Most often I see direct coding from largely ambiguous user stories and/or requirements and an expectation that the same developers who write code should also write tests for it, with very little opportunity for debate. What that accomplishes is that all the misunderstandings, misconceptions and other reasoning errors the developer remains with after having done the work, remain coded as desired and enforced behaviour for the future. Yes, they also discover some defects along the way and fix them but that isn’t the only outcome.

What does that mean? It means that someone else is needed to cover the blind spots and errors of the code developer. Code reviews aren’t enough – if they were, we would not have needed any tests in the first place. But what do these other people base their testing on? It should not be influenced by the code developer as they may end up being convinced of the same misconceptions. They should have different perspectives and, thus, different misconceptions too. Unless the misconceptions align, the outcome will be better testing. If tests fail because of different perspectives that indicates that something needs to be done to correct that, usually by making the foundations, usually some form of specifications, clearer.

Note that TDD (Test-Driven Development) does not address this concern.
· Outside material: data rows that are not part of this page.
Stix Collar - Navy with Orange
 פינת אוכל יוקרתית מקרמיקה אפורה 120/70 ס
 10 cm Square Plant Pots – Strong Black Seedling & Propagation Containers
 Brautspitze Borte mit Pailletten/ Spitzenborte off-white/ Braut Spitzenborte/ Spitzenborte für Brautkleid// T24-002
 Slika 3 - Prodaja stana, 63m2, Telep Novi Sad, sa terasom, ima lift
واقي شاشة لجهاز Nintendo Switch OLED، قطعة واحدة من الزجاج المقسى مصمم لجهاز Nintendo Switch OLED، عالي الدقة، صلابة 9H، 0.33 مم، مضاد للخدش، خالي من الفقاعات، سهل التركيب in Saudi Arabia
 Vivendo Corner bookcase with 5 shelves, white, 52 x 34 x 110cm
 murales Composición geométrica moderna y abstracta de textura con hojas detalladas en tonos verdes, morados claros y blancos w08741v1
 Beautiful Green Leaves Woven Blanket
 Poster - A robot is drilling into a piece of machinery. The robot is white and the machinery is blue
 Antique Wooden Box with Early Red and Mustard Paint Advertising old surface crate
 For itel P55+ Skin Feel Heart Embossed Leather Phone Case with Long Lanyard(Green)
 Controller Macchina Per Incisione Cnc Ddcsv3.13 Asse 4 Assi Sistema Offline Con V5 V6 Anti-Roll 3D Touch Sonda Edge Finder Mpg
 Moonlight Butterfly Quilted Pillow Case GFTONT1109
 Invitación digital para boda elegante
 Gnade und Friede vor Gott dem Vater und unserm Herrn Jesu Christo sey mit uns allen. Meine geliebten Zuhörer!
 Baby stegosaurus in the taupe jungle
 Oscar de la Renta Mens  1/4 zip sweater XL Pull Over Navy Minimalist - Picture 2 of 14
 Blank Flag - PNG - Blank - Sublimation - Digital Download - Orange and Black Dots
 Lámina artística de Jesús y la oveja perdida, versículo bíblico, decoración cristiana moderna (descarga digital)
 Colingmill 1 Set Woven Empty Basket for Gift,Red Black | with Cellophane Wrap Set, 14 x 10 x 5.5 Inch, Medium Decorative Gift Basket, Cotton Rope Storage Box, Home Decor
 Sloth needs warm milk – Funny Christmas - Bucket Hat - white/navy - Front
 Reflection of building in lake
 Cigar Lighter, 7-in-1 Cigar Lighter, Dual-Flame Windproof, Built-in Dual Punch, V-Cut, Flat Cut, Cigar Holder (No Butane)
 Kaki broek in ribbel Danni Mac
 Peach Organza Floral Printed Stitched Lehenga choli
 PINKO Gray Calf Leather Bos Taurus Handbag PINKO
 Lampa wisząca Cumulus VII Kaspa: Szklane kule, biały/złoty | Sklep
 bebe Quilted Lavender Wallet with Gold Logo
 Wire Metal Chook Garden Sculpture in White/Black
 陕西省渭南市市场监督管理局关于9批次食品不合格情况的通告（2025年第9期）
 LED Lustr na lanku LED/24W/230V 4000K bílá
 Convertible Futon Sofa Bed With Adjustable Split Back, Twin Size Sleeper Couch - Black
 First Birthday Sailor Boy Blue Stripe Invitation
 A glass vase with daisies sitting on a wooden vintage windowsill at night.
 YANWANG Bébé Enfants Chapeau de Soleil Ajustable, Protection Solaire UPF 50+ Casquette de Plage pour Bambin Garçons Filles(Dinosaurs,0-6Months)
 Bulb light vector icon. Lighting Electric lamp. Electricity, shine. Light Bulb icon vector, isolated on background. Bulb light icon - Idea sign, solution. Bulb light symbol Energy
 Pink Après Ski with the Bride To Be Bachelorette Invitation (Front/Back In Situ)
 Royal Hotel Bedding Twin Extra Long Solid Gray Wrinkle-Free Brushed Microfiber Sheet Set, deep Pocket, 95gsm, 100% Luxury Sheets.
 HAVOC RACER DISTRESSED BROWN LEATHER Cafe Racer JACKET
It guides the developers to do work in a certain way that improves some aspects at the expense of others. Whether this is suitable for your case is a separate decision. It does not directly address the coverage issues outlined here as it does little more than flipping the order of code and test development by the same person. In fact, this may yield inflated coverage numbers due to achieving (near) 100% coverage with code that would never really be exercised in production.

Conclusion? Less than 100% coverage lets you uncover code you don’t need or you don’t test. You need to investigate which of the two it is, not assume either. The part that is covered doesn’t tell you much either. All of it may be of unneeded code, an enforced legacy. 100% may seem like the ideal but even with passing tests, it does not mean that you covered all the cases due to hidden branches. You should absolutely look at code coverage, but you must interpret it well.